In partnership with the North Carolina Equal Access to Justice Commission, the North Carolina Judicial Branch has announced that Adult Guardianship has been added to the case filings available under eCourts Guide & File, the free service that allows attorneys and the public to prepare court documents online in just a few easy steps. With 24/7 online access and easy-to-understand interview questions, Guide & File helps eliminate barriers and simplify the legal process, particularly for the hundreds of thousands of North Carolinians who come to court without an attorney every year.
“Guide & File has already helped thousands of self-represented litigants in North Carolina navigate the court system, fulfilling our promise of expanding access to justice. Our goal for this initiative is to ensure that we are introducing programs that make the courts and court processes more accessible and understandable, particularly to those who can not afford an attorney," said NCAOC Director Andrew Heath. “We will continue to build upon our early success with Guide & File by adding more case filings, such as Adult Guardianship, while always looking for ways to to improve the service we provide to the citizens of this state."

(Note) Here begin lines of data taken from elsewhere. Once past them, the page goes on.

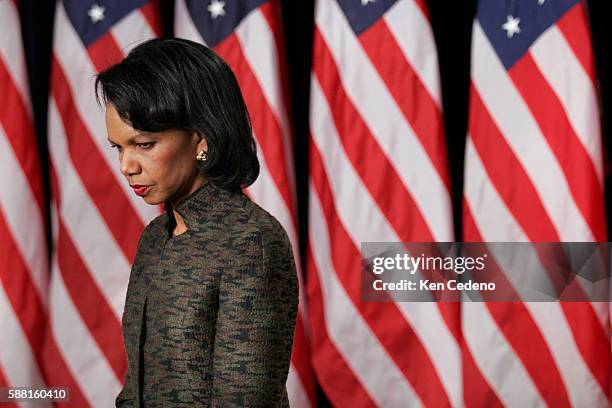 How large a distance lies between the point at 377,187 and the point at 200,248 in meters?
1.39

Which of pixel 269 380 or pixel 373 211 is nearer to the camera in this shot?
pixel 269 380

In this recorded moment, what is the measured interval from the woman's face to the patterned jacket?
0.03 meters

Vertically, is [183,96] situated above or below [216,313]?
above

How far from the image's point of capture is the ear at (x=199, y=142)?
90cm

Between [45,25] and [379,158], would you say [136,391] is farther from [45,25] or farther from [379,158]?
[45,25]

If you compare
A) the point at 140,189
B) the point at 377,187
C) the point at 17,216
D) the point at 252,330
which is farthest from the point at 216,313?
the point at 17,216

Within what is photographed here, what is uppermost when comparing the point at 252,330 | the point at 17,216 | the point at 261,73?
the point at 261,73

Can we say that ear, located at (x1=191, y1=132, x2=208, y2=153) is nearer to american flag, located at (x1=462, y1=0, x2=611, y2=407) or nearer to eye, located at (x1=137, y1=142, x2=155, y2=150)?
eye, located at (x1=137, y1=142, x2=155, y2=150)

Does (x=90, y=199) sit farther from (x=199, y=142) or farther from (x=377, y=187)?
(x=199, y=142)

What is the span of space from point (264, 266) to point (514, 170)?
1463mm

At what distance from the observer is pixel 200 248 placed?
89 cm

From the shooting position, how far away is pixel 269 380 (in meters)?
0.84

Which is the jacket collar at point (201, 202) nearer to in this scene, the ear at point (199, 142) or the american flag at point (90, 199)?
the ear at point (199, 142)

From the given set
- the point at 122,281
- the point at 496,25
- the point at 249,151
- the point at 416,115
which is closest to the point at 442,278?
the point at 416,115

While the most case filings for Guide & File have so far been for divorce and small claims, many North Carolinians have had to face the unfortunate task of seeking guardianship for a loved one. Adding Adult Guardianship to Guide & File's offerings will help self-represented litigants step-through the court process required to create a guardianship.

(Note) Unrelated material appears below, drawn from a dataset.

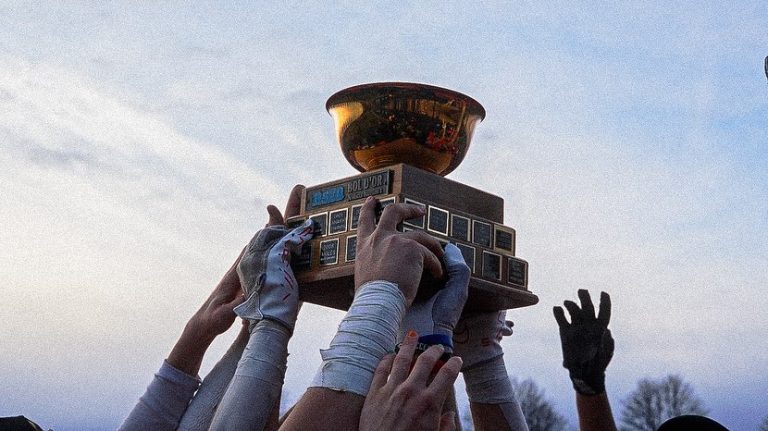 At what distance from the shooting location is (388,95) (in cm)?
486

With Guide & File just six-months old in North Carolina, thousands of self-represented litigants have taken the opportunity to submit their case flings via Guide & File's intuitive three-step process:
- An online interview guides the user through a series of online questions and, much like popular tax-filing software, each answer helps determine what the next question will be.
- Using the information provided, Guide & File automatically creates the appropriate legal documents.

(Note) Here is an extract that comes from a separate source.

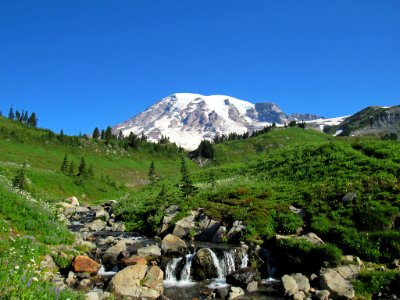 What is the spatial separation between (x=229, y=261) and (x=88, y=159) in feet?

- Completed form(s) are then printed and ready to be filed with the clerk of court, either by mail or in person.
Anyone with internet access can use the service anytime, anywhere at NCcourts.gov/Services. Following step-by-step prompts, the interactive interview takes the guesswork out of traditional forms, ensuring that the paperwork is procedurally correct, legible, and complete for filing. Documents prepared online can then be printed and filed with the county clerk of court. Users who create an account can save and return to complete a filing at their own pace, on their own time. Guide & File will significantly decrease the time anyone needs to spend at the clerk’s office completing forms and will minimize processing delays resulting from insufficient or incomplete filings
Upon its introduction and with input from the clerks of superior court and advocates in the legal services community, the Judicial Branch selected a number of case types initially included in Guide & File, the ones most frequently handled pro se, that is, without the assistance of an attorney. As with Adult Guardianship announced today, additional case types will continue to be added over time. Currently, Guide & File can be used to prepare documents for the following types of cases:
Guide & File was the first component to launch as part of the Judicial Branch’s multi-year effort to replace outdated computer systems and databases with a modern, integrated case management system (ICMS). The new system, which will be deployed in phases over the next four years, will include electronic filing and online access to court records. As counties migrate to the new system, Guide & File will allow users to not only prepare their documents online, but to submit them to the clerk electronically, as well.
Disclaimer: Judicial Branch employees are not permitted to provide legal advice or help fill out these forms for the public. For legal advice or questions about legal rights and remedies, the public may consult an attorney licensed to practice law in North Carolina.